▶ _ASSIGNED TASK_
Transcribe the line holding "Man Eating Shark Costume" together with every line after it, through the end of the records, exactly and with no pictures.

(Image-caption web data)
■ ■ ■ ■

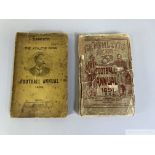 Athletic News annuals 1891-92 & 1895-96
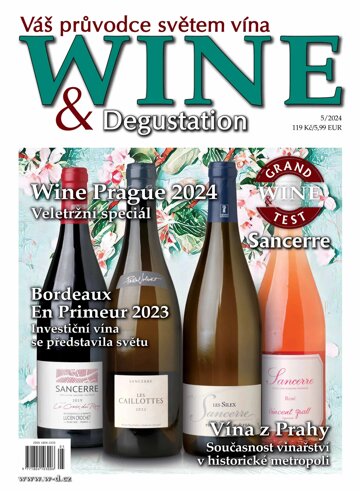 Obálka e-magazínu Wine and Degustation 5/2024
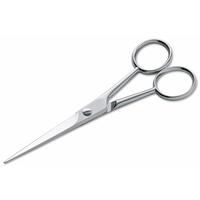 Nožnice na vlasy  - rovné hrotnaté, 15cm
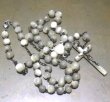 画像1: Antique Mother of Pearl Rosary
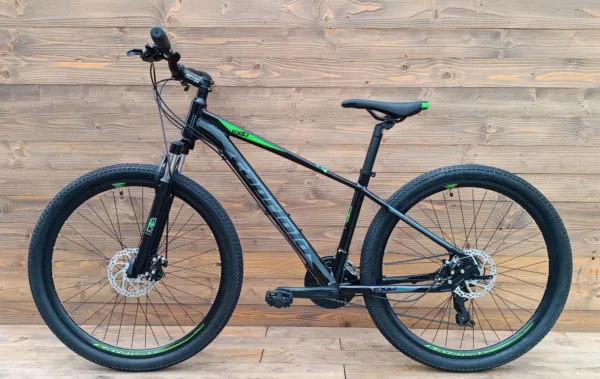 Bicicleta Capriolo Exid 27.5 AL black-green-glossy 16 - imagine 2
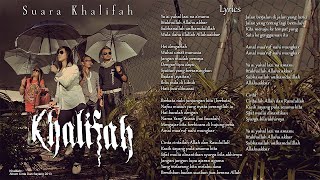 Download lagu Khalifah - Suara Khalifah HQ mp3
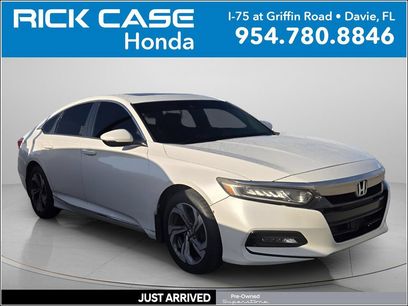 Used 2018 Honda Accord EX-L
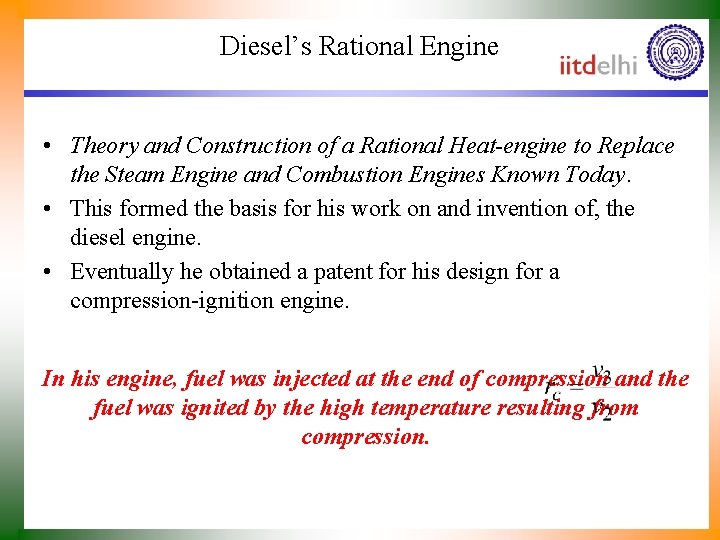 Diesel’s Rational Engine • Theory and Construction of a Rational Heat-engine to Replace the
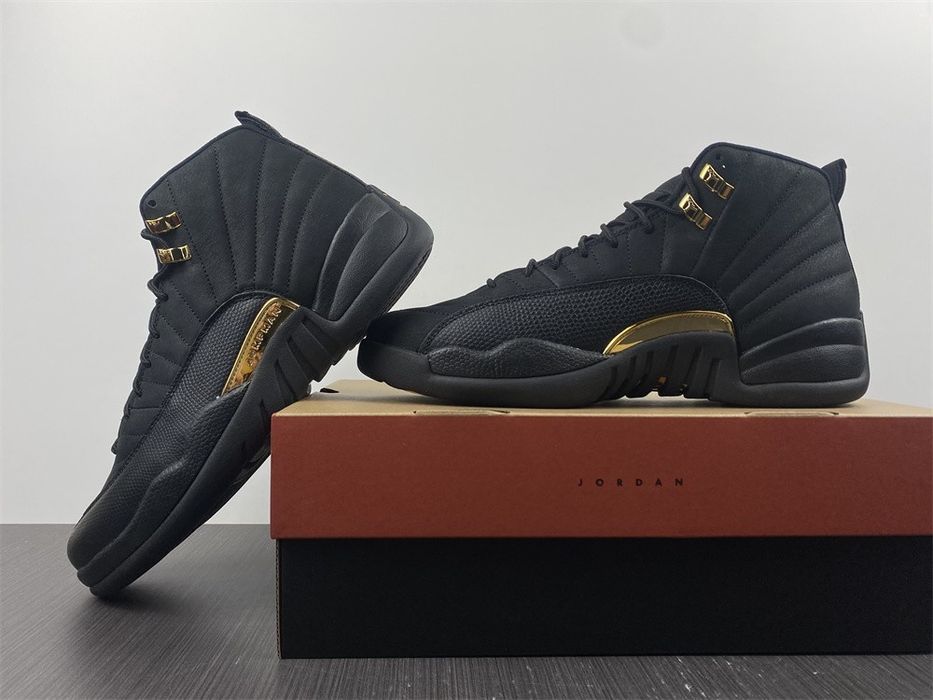Air Jordan 12 Retro Black Taxi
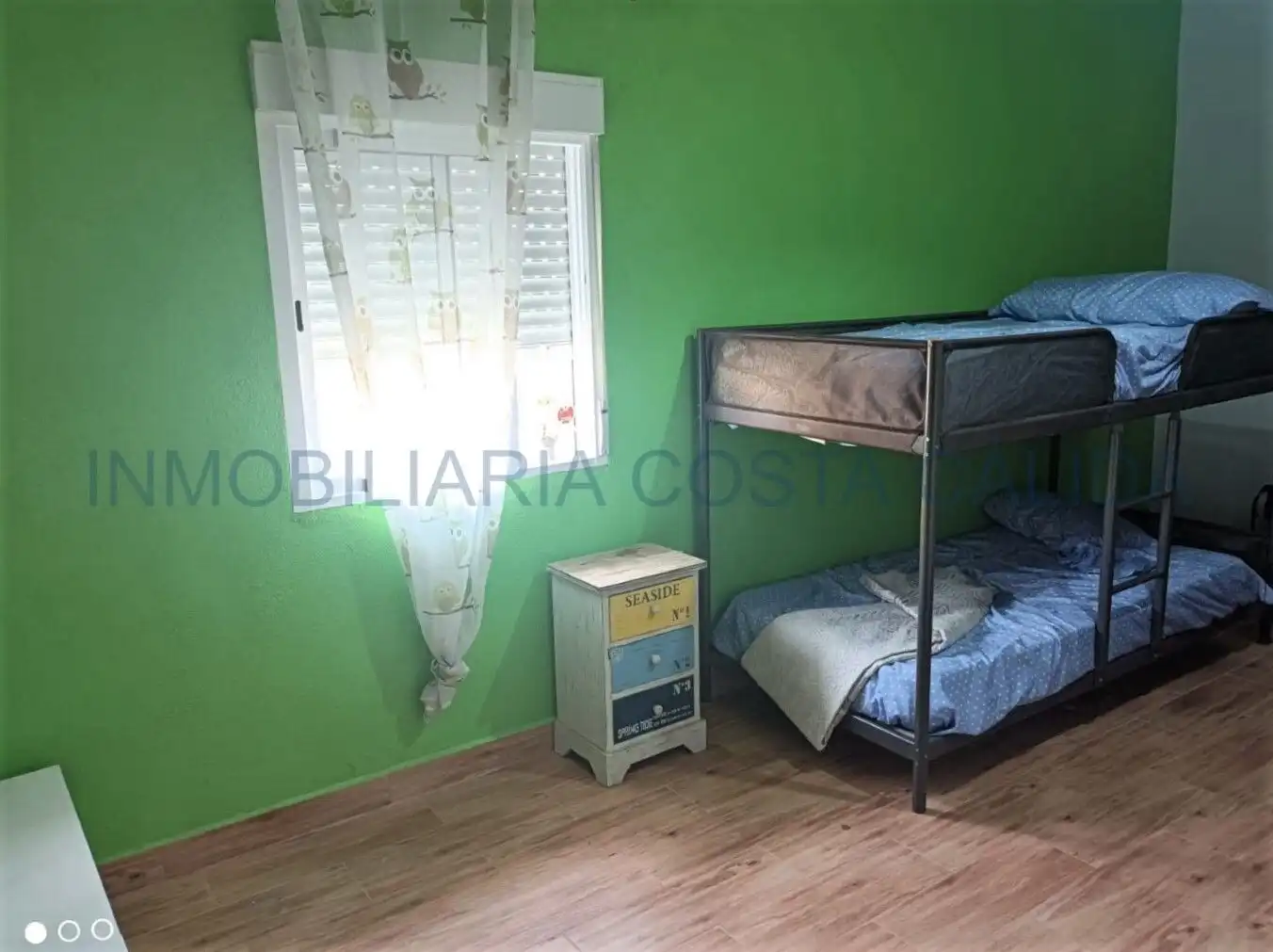 Habitación de Casa o chalet en venta en Águilas con Jardín privado, Terraza y Amueblado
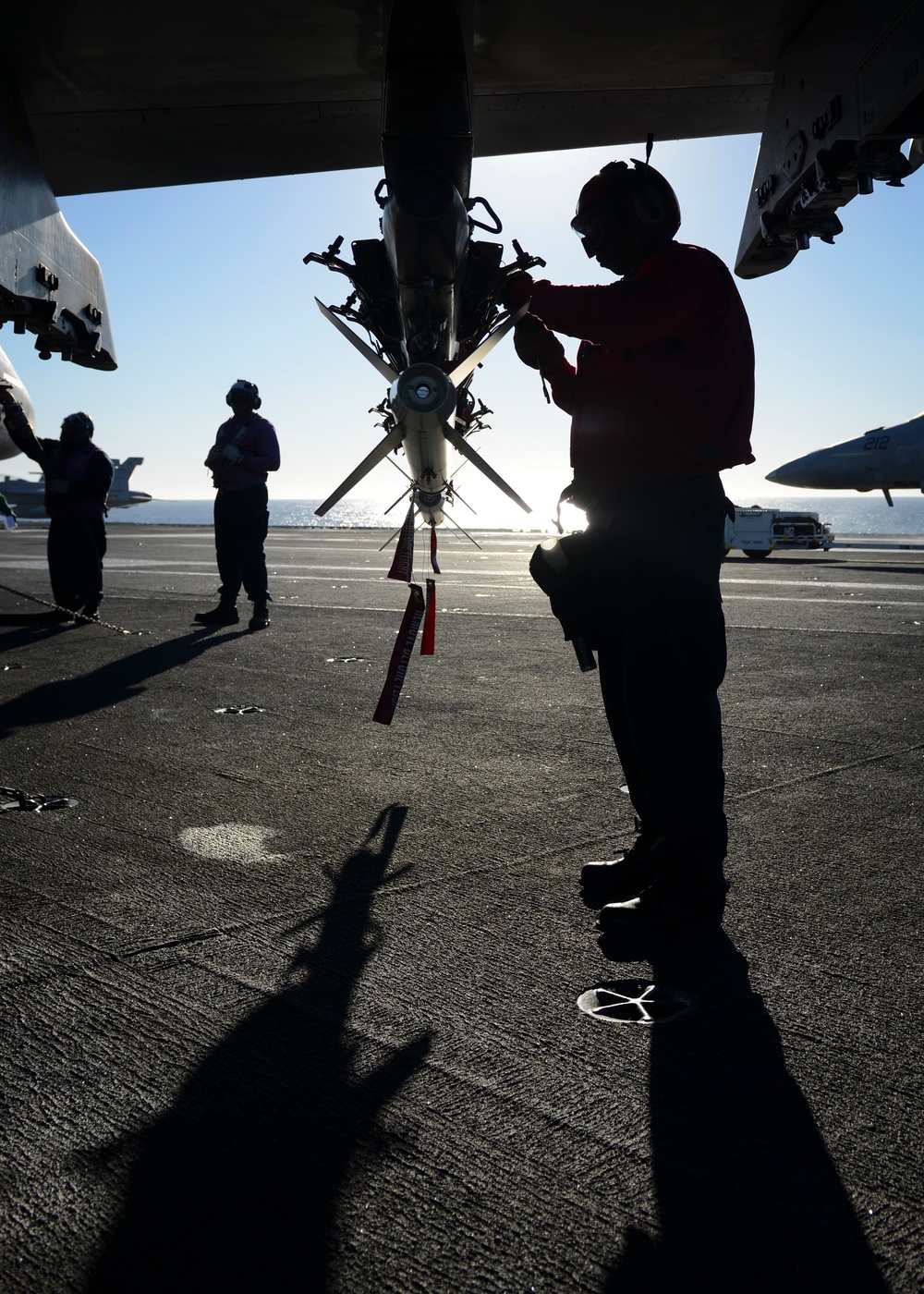 Nimitz conducts flight operations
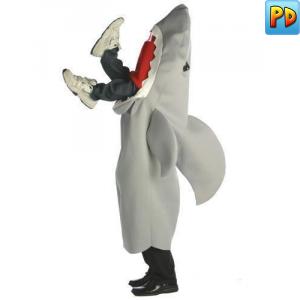 Man Eating Shark Costume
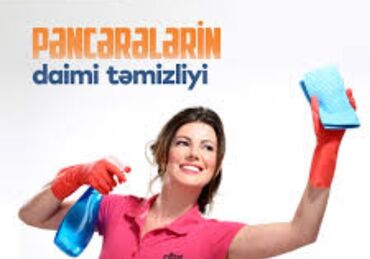 Xadimələr, təmizlikçilər: Xadimə tələb olunur, 30-45 yaş, 6 ildən artıq təcrübə, Dəyişən qrafik, Gündəlik ödəniş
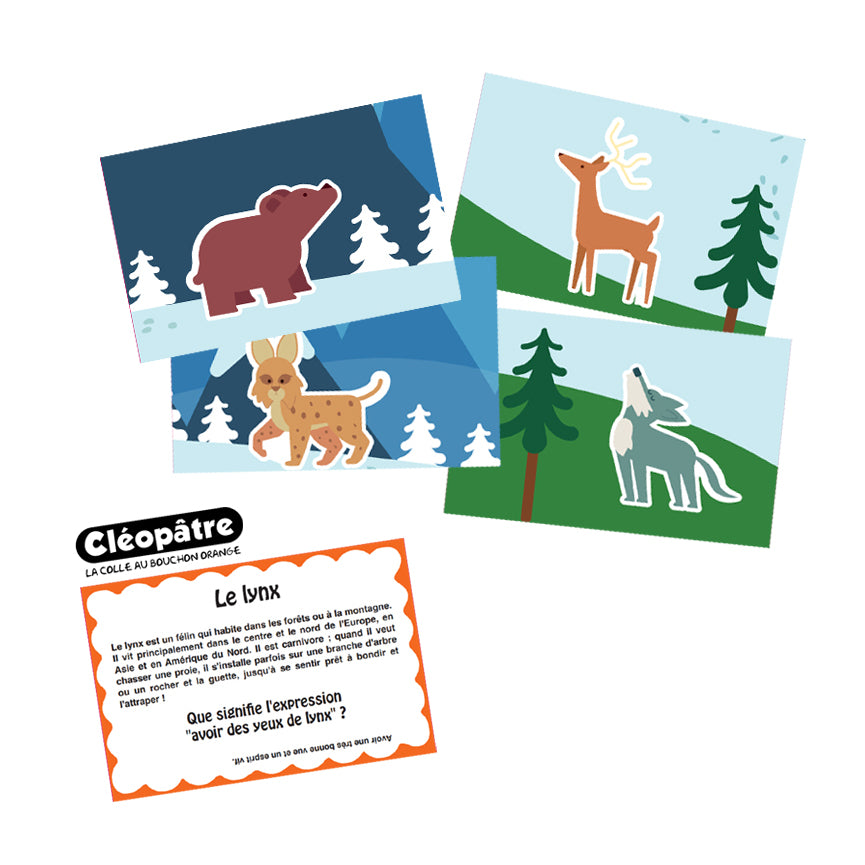 Lot de 180 grandes images bons points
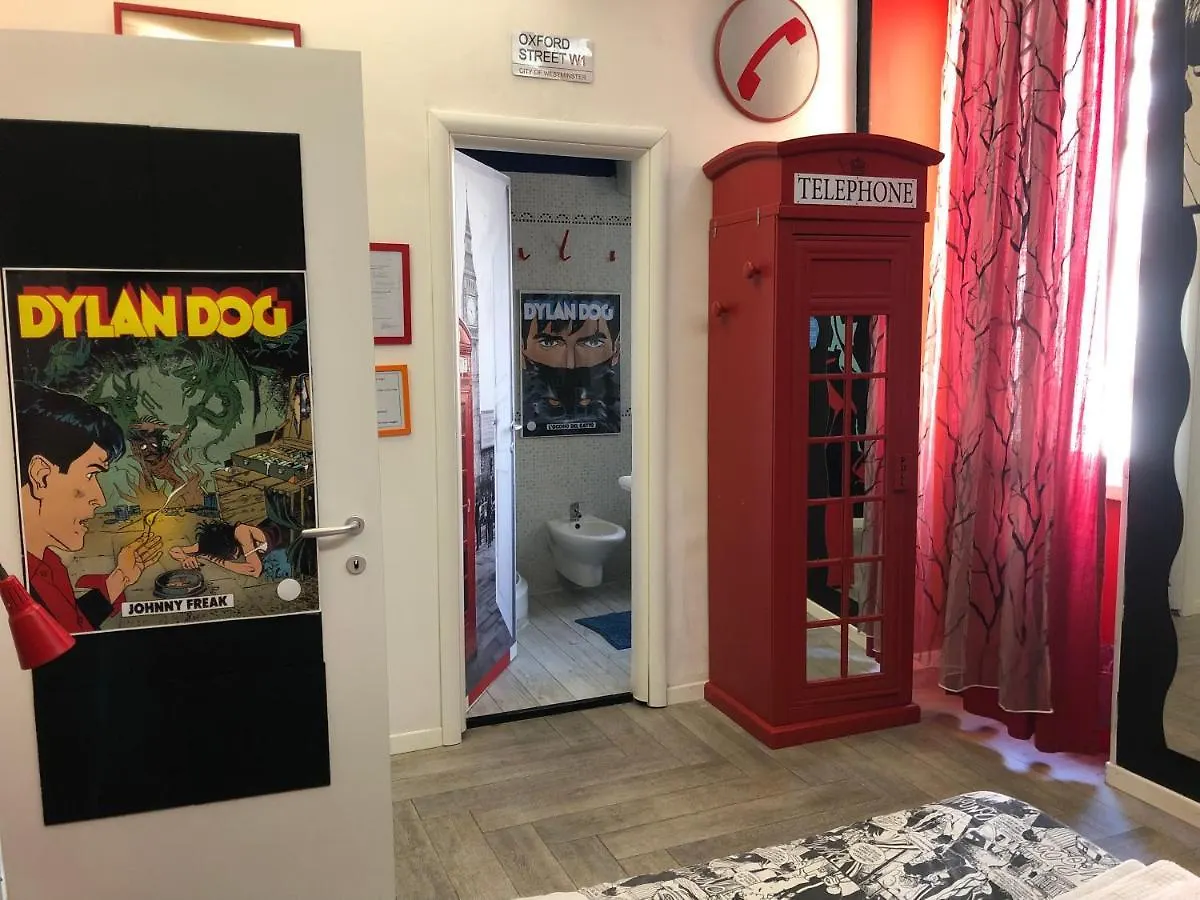 Comics Guesthouse Hostel Rome Italy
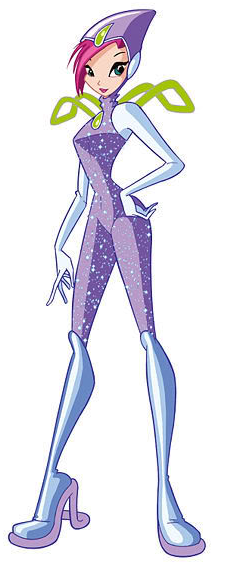 Tecna Magic Winx Fairy of Technology Blank Meme Template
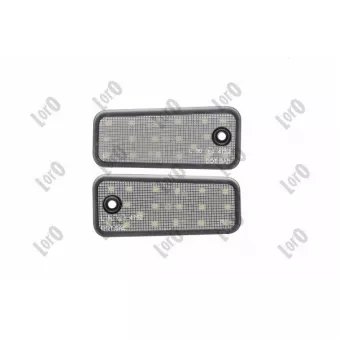Feu éclaireur de plaque ABAKUS L19-210-0005LED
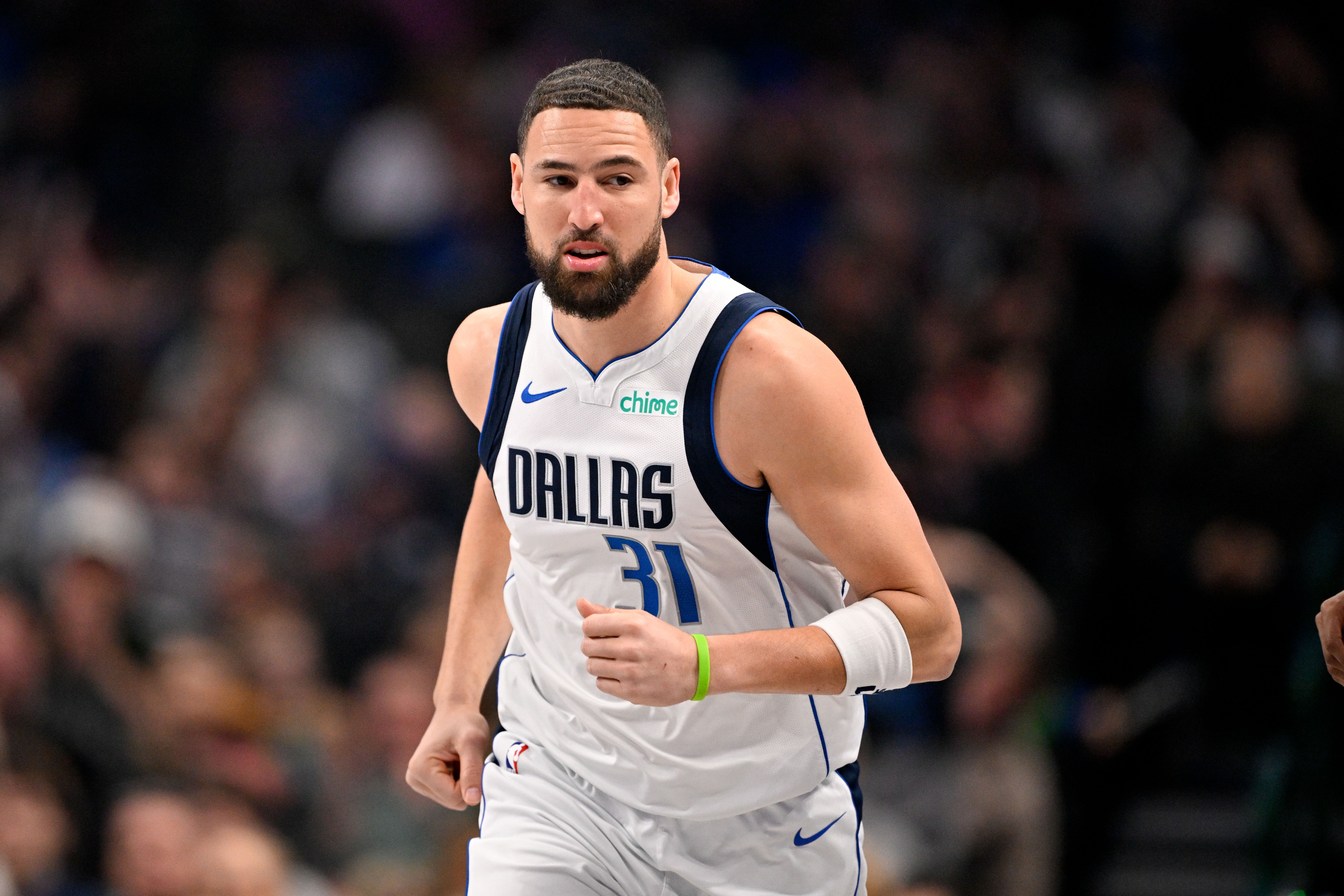 kaiyun-差一点意思！克莱9中3得9分2板  三分7中3&amp;末节两记三分来晚了点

■ ■ ■ ■

▶ _WRITTEN SOLUTION_
 Man Eating Shark Costume
 Xadimələr, təmizlikçilər: Xadimə tələb olunur, 30-45 yaş, 6 ildən artıq təcrübə, Dəyişən qrafik, Gündəlik ödəniş
 Lot de 180 grandes images bons points
 Comics Guesthouse Hostel Rome Italy
 Tecna Magic Winx Fairy of Technology Blank Meme Template
Feu éclaireur de plaque ABAKUS L19-210-0005LED
 kaiyun-差一点意思！克莱9中3得9分2板  三分7中3&amp;末节两记三分来晚了点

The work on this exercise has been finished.